Firstly, let’s remind ourselves of the system we’re talking about here. The blue line is either newly built DRT or existing rail tracks converted for DRT operation: I’ll overlay on this where I think we currently have freight movements on the network, or how we might operate freight trains in order to avoid that Westfield to Newmarket section of track we’ve turned into being exclusively for our DRT trains. The only bit of track we have to worry about here is between Parnell (where the blue line’s tunnel emerges and joins the existing network) and Newmarket, where the western line branches off. Of course there’s a fairly lengthy tunnel in this section (and an abandoned single-track tunnel next to it, which presents an opportunity worth exploring), but I think it’s reasonable to think that having a single track for freight as well as our two tracks for DRT is not impossible along this section.
Furthermore, in the longer run we could end up building the full Avondale-Southdown line, in which case we have a further route for freight: In either case I think we can retain the ability to operate freight trains around the rail network. So I don’t see that as too much of an issue.
Other comments questioned whether the operating costs savings of DRT were “worth the hassle”, as you’d need separate facilities for different types of trains and having two different networks would obviously create some complications that having everything in one network wouldn’t. I suppose there are two responses to this:
- As Nick noted in a comment (and he knows more about this stuff than me), staffing generally comprises around 60-70% of the operating costs for the rail network (on an electric system). Chopping out around two-thirds of your operating cost is just immense, especially when rail’s net subsidy is over $50 million a year (I think) and would potentially be much higher in the future with a much larger network.

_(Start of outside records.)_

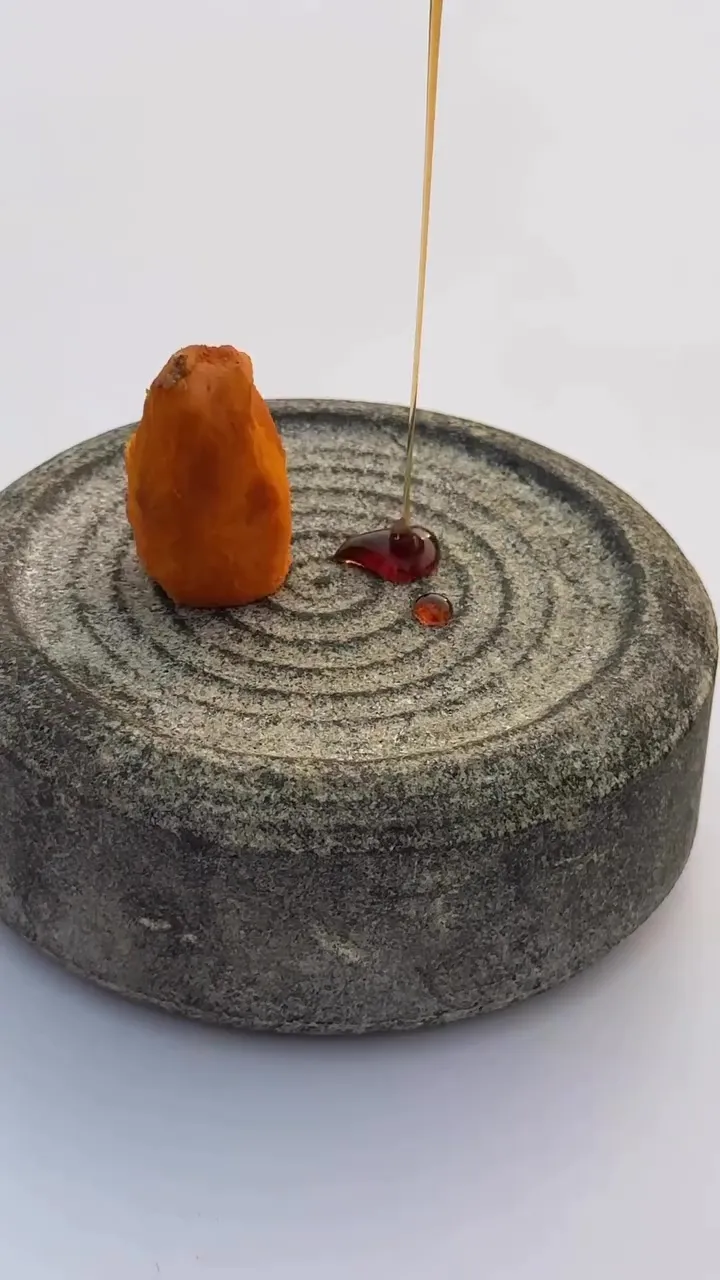 Cara hilangkan garis halus dan lingkaran hitam © Instagram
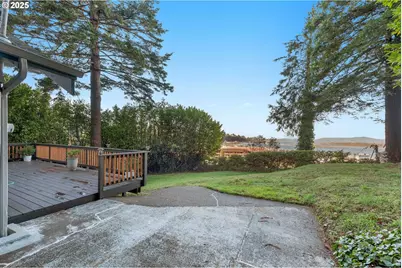 1254 N 6th St, Coos Bay, OR 97420 - Photo 5
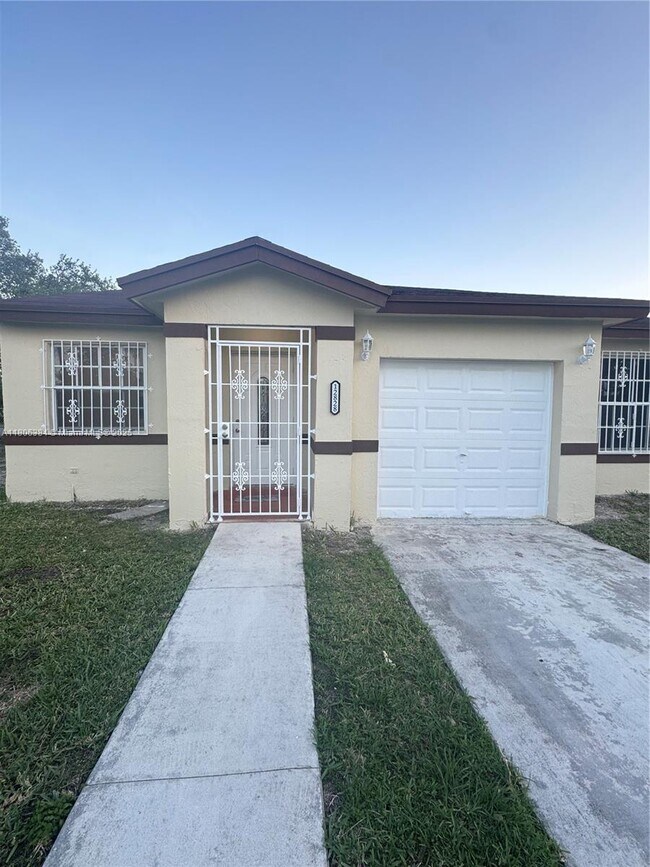 12828 SW 267th St in Homestead, FL - Building Photo - Building Photo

It’s worth noting that Sydney’s rail network requires a subsidy of around $A1.8 billion a year (though obviously a much larger network).
- Potentially one of the biggest savings from DRT is in the construction, with the much more forgiving requirements for grades and bends than you can get from conventional rail. With, using traditional heavy rail, North Shore Rail being around $2.5 billion and Airport Rail probably being at least $1 billion, having an option which doesn’t require so much grade separation, earthworks, tunnelling and so forth, could slice billions off the final construction cost of the two projects combined.
Perhaps the biggest question about this idea is how you would ever do the transition from normal rail operations along the southern line to the new system. I really have no idea but I presume it’s possible. But it’s the same issue we’ll face as if we ever get around to turning the Northern Busway into a railway line (of any kind).